According to The Story of Silver: How the White Metal Shaped America and the Modern World by William L. Silber, “Silver dominated gold as the preferred currency for most of recorded history primarily because it was scarce but not too scarce, so that it held its value but was sufficiently abundant to support expanding trade.”
Because its value is so highly concentrated, gold is more useful as a store of wealth than for executing everyday transactions. But silver’s value concentration is perfect for being minted into circulating coins.
Silver coins were circulated as money in the United States through 1964. But the process of dismantling the central position of gold and silver in the monetary system was decades in the making.

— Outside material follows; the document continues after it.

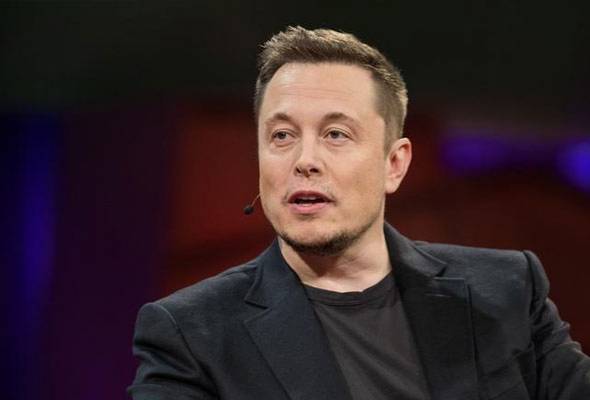 El magnate de los autom�viles el�ctricos dio un paso sorpresivo al adquirir la red social m�s influyente de la red, situaci�n que provoc� la ira de quienes hasta hace poco le encend�an incienso. Y as�, en cuesti�n de horas, Elon Musk pas� de ser "visionario" y "pieza clave en el combate al cambio clim�tico", a un monstruo autoritario, racista y eg�latra. Pero dif�cilmente el magnate habr�a tomado esta decisi�n sin tener algunos ases escondidos, algo que atestiguaremos los meses siguientes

Even before the creation of the Federal Reserve in 1913, certain banking and political interests had worked to de-monetize silver.
In 1873, Congress moved to sideline the silver dollar. That sparked the so-called Free Silver Movement, which stood for allowing the supply of silver coins to be increased in accord with demand.
In 1896, populist orator William Jennings Bryan gave his famous “Cross of Gold” speech before the Democratic National Convention: “We shall restore bimetallism. You shall not press down upon the brow of labor this crown of thorns. You shall not crucify mankind upon a cross of gold.”
|
“Beginning in late 1933, after gold had already been nationalized and confiscated, the Treasury began to intervene in the silver market by paying double market prices for domestic newly-mined silver – all in exchange for political support for FDR’s New Deal from politicians in Western mining states,” writes Joakim Book of the American Institute for Economic Research.
By 1962, the Kennedy administration declared that it was “uneconomical” for the Treasury Department to continue stockpiling large quantities of silver as currency reserves. Shortly thereafter, the government moved to stop printing silver certificates and minting silver coins.
Is that where the story of silver as money ends? No, not as long as it continues to be accumulated by individual investors in spendable form.
Last year saw a massive surge in demand for silver coins.
Meanwhile, the ability to buy and spend silver on the digital blockchain is expanding. Smartphone apps linked to physical silver accounts could also help facilitate a resurgence in silver being used as currency.
But according to Gresham's law (“bad money drives out good”), people prefer to spend depreciating fiat currency and hoard monetary assets that are superior stores of value.
As long as Federal Reserve Notes retain their compulsory legal tender status, the primary monetary role of precious metals will likely be as non-circulating money.
Gold is the preferred money metal for the ultra-rich and institutional holders including central banks.
Silver is the preferred monetary metal for those of limited means and those who aim to opportunistically capitalize on silver’s relative cheapness versus gold.
If silver were to become more widely accumulated and recognized as hard money, then gold’s monetary premium over silver would likely shrink.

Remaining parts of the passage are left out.